### Information given:
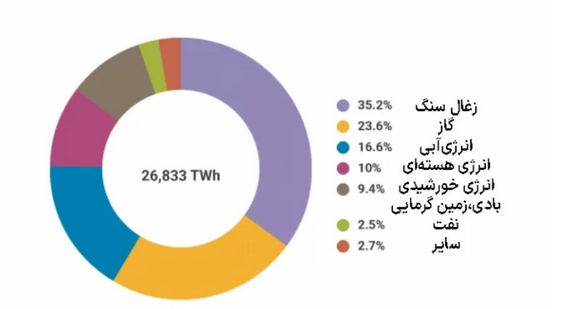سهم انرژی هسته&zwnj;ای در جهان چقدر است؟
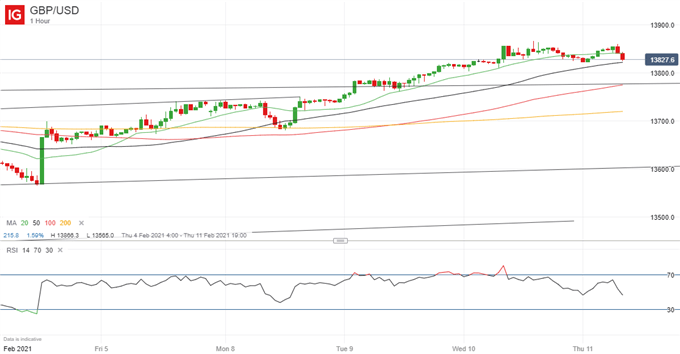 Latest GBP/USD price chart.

--

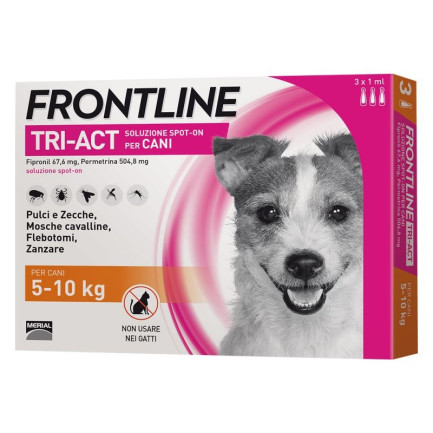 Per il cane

--

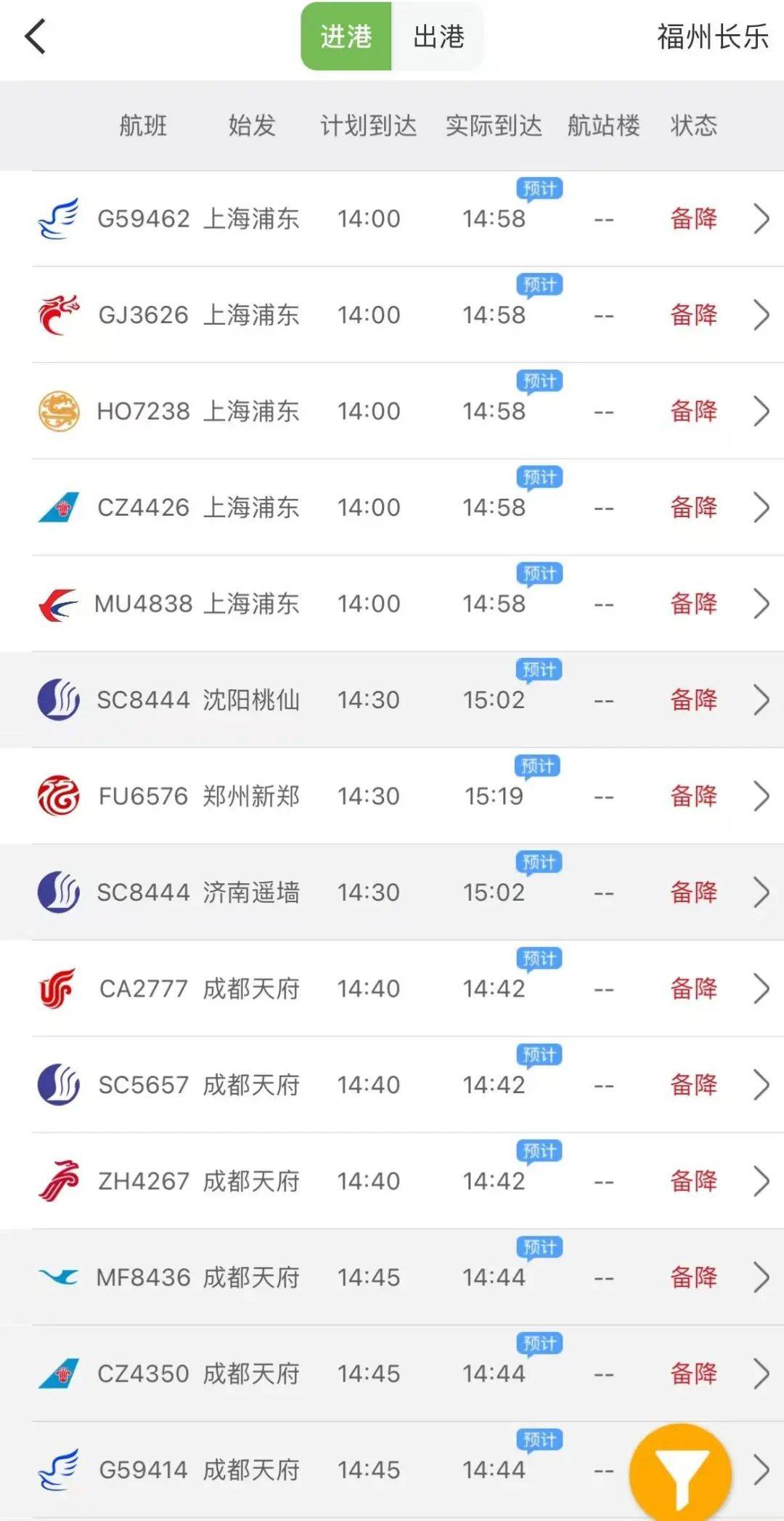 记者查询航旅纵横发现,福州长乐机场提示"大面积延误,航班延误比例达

### Work required:
All lines above starting at the one with "سهم انرژی هسته&zwnj;ای در جهان چقدر است؟" and ending at the one with "Latest GBP/USD price chart.", inclusive, are to be printed again exactly, with the pictures left out.

### Answer:
سهم انرژی هسته&zwnj;ای در جهان چقدر است؟
 Latest GBP/USD price chart.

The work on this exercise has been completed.